When Europeans came, they pushed most tribes out of their own ecology into places they didn’t know.  Europeans are ownership-based, tracing back to many territorial wars among kings, because land ownership and occupation is a key source of wealth.  (Ask Putin.) Domestic livestock and crops depend upon well-defended settlements and a bureaucratic domination like a king to keep records on paper.  They could not have imposed this system on North America so easily if it had not been for disease.  

At first Euros did not understand what was going on, but as soon as they figured it out, they didn’t hesitate to act on it.  Some sent contagious blankets to the People but Lewis and Clark carried vaccine and tried to make that a gesture of good will.  But they were deluded about what “good will” meant.  It was essentially land theft by people who lived on different continents.  The King of France sold the Louisiana Purchase to Thomas Jefferson.  No one actually living in the drainage of the Mississippi River detected any difference — it was all the exchange of paper far away.   Lewis and Clark were charged with defining and describing the Louisiana Purchase and were dismayed to discover it only went to the 49th parallel before the drainage turned north.  50 seemed so “symmetrical.”

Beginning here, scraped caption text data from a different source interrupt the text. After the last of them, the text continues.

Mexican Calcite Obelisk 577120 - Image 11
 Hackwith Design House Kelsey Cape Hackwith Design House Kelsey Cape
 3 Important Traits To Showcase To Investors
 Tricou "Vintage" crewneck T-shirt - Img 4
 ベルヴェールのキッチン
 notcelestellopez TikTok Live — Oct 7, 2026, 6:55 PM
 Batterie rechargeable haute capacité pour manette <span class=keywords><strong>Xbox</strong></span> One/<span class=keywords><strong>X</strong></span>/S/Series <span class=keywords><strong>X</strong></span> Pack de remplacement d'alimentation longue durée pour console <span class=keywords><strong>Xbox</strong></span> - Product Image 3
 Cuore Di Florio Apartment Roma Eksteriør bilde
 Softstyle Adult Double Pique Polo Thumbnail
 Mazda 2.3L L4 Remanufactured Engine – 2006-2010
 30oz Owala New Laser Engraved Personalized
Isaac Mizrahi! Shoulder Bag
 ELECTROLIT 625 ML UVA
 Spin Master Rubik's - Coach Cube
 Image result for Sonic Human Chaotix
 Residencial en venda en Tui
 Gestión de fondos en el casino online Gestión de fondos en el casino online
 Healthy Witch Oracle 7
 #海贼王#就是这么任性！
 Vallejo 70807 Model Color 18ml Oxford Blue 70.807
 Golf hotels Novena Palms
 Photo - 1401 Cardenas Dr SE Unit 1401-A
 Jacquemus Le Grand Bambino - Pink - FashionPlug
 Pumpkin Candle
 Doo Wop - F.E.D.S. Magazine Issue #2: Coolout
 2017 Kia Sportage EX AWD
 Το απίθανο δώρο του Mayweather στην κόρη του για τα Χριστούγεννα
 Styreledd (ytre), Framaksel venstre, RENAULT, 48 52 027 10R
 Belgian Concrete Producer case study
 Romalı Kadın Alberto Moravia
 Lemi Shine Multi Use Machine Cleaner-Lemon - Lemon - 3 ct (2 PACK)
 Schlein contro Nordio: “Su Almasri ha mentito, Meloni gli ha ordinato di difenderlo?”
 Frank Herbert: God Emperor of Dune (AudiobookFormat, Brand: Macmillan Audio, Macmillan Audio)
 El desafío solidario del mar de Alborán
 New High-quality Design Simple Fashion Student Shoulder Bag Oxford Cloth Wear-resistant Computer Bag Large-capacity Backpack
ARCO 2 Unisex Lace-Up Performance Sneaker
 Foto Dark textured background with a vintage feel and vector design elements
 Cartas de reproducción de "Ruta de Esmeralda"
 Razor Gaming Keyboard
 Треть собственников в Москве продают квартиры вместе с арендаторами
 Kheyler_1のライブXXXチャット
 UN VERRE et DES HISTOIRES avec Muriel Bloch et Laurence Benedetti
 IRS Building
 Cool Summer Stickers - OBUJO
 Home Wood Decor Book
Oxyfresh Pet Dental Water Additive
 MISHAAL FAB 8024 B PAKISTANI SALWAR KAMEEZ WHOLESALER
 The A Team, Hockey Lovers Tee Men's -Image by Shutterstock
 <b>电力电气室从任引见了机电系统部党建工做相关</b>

To be plain, the defining injustice against African Americans is that of being owned themselves as though they were commodities.  But for the Native Americans it was about the land, its extent and resources.  Both were hindered by speaking languages other than English and by being oral cultures.  If the journals created by Lewis and Clark, now classic published books still selling well in many versions, had been written by Native Americans in English on paper and bound with gilt-impressed leather to carry to Washington DC and present to Jefferson, there would have been no need for expeditions and would have challenged European nations who believed they had ownership.  Legal Euro ownership of American land is a primal HOAX.

The implications of all this are immense.  A new world yawns before us in which the essential wovenness of all life, challenges to the concepts of both “owning” and “nations”, and technologies that allow the return of oral cultures will change the terms of everything.